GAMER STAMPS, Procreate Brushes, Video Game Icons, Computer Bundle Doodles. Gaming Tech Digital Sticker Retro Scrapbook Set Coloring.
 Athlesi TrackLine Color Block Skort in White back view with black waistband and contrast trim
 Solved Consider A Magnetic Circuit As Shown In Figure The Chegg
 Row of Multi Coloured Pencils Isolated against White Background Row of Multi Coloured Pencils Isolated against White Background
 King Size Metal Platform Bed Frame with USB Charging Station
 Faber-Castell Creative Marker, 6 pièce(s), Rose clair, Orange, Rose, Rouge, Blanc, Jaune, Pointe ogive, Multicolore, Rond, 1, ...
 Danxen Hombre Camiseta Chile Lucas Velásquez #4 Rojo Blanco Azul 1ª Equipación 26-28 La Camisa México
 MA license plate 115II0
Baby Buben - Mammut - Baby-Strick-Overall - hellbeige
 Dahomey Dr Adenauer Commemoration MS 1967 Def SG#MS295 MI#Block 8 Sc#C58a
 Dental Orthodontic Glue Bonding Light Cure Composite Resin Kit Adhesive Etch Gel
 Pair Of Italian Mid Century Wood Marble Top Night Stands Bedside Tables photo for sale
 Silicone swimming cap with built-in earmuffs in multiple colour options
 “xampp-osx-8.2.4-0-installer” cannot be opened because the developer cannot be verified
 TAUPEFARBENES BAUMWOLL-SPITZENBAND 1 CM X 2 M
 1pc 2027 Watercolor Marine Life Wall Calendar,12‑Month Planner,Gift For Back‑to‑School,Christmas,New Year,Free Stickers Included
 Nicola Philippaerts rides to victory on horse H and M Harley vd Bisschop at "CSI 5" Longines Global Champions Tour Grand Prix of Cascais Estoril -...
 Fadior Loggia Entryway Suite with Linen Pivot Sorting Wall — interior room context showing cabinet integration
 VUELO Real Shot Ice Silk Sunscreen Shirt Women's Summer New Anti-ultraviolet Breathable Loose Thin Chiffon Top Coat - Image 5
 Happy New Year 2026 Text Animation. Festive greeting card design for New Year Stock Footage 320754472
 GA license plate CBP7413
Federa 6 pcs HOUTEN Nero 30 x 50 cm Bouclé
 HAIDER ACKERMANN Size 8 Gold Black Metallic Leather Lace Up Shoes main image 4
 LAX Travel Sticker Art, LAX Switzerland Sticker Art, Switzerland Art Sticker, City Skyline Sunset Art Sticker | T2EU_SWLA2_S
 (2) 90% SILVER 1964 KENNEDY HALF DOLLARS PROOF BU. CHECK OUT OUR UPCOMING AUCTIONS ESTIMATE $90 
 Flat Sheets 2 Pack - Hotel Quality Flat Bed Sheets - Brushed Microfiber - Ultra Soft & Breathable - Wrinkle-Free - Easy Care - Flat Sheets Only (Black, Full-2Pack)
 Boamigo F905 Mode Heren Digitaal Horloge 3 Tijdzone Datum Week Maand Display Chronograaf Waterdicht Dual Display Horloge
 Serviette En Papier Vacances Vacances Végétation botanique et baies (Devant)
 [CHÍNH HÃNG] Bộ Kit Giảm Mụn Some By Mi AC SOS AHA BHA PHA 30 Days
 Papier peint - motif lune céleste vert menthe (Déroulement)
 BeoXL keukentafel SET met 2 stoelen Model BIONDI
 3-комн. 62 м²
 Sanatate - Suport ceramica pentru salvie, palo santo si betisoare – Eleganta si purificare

================

Word search in the records above: please count the lines holding "Wall" and state the count alone.

2